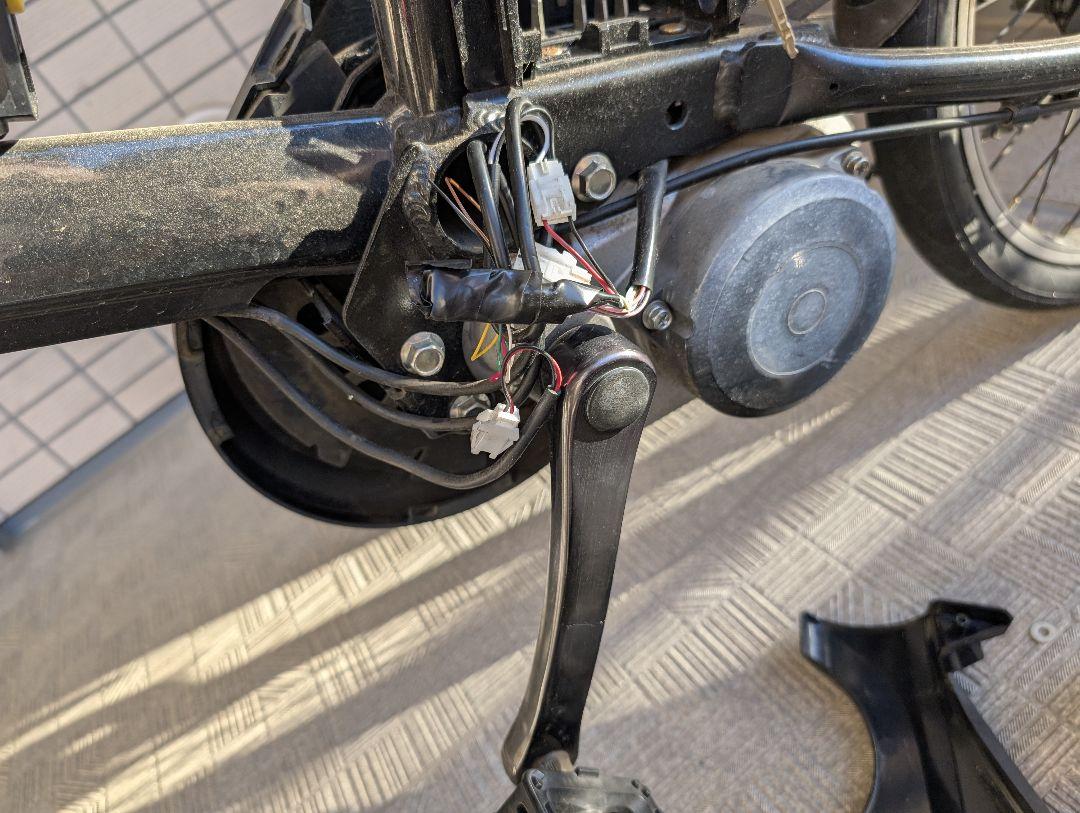 パナソニック電動自転車用スピードセンサー社外品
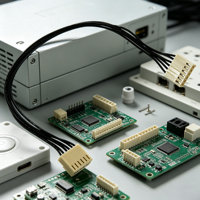 Harnais de câbles électroniques en cuivre sur mesure avec isolation en nylon/PBT pour appareils électroménagers et machines - Fabricant OEM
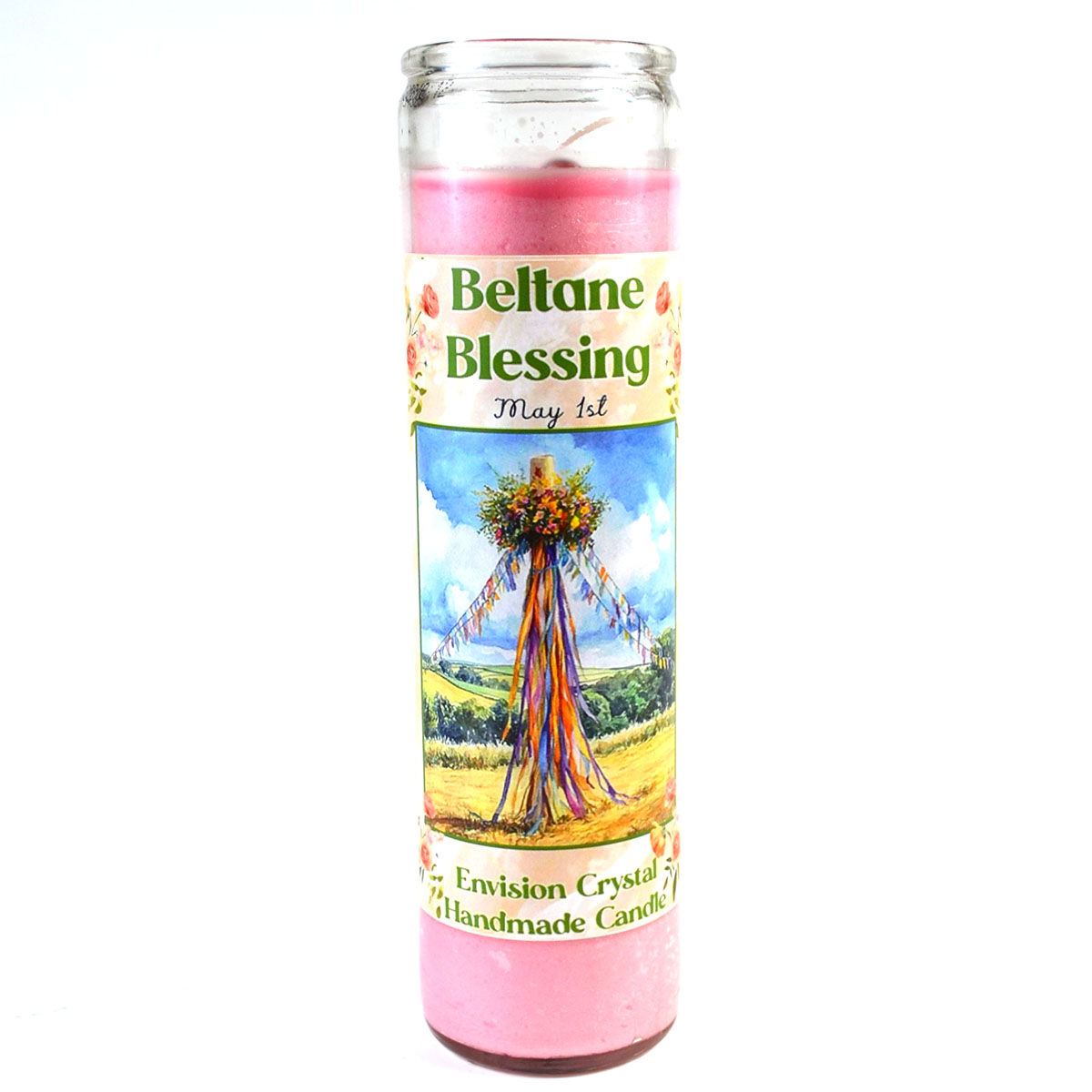 CJEBEL Beltane Aromatic Jar Candle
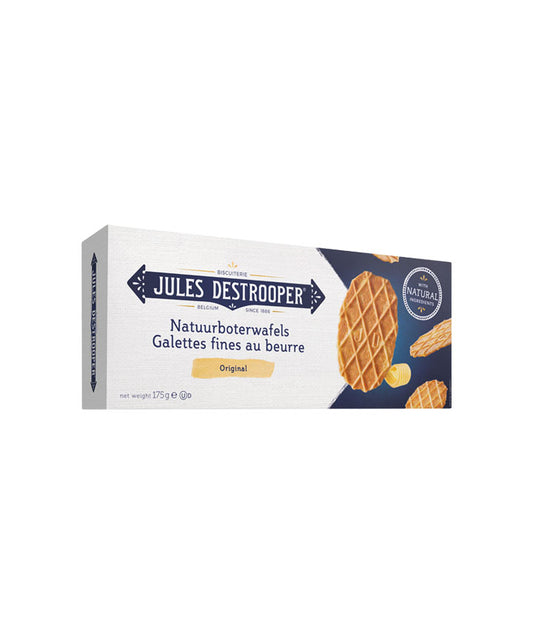 Galettes fines au beurre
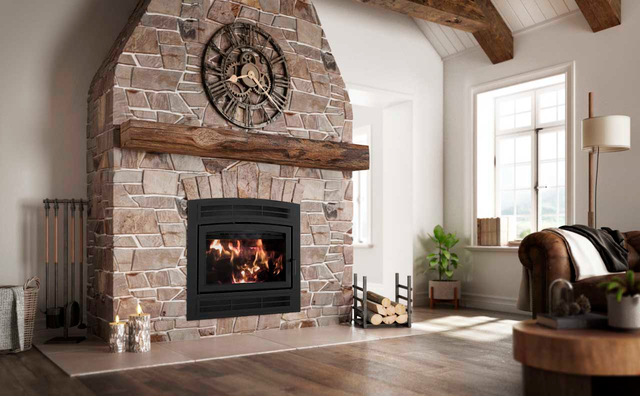 Fireplace Mantels — Calgary Wood Works gallery photo 4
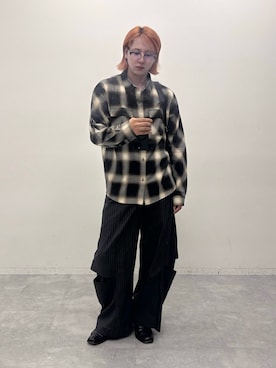 「UNITED ARROWS（ユナイテッドアローズ）のアイテム（ファッション雑貨）」を使った、YUKIさん（メンズ・175cm）の秋コーディネート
========================
* Problem requirements:
In the data above, find the line containing "Fireplace Mantels —", then output it and every later line exactly, without the pictures.

* Answer section:
 Fireplace Mantels — Calgary Wood Works gallery photo 4
 「UNITED ARROWS（ユナイテッドアローズ）のアイテム（ファッション雑貨）」を使った、YUKIさん（メンズ・175cm）の秋コーディネート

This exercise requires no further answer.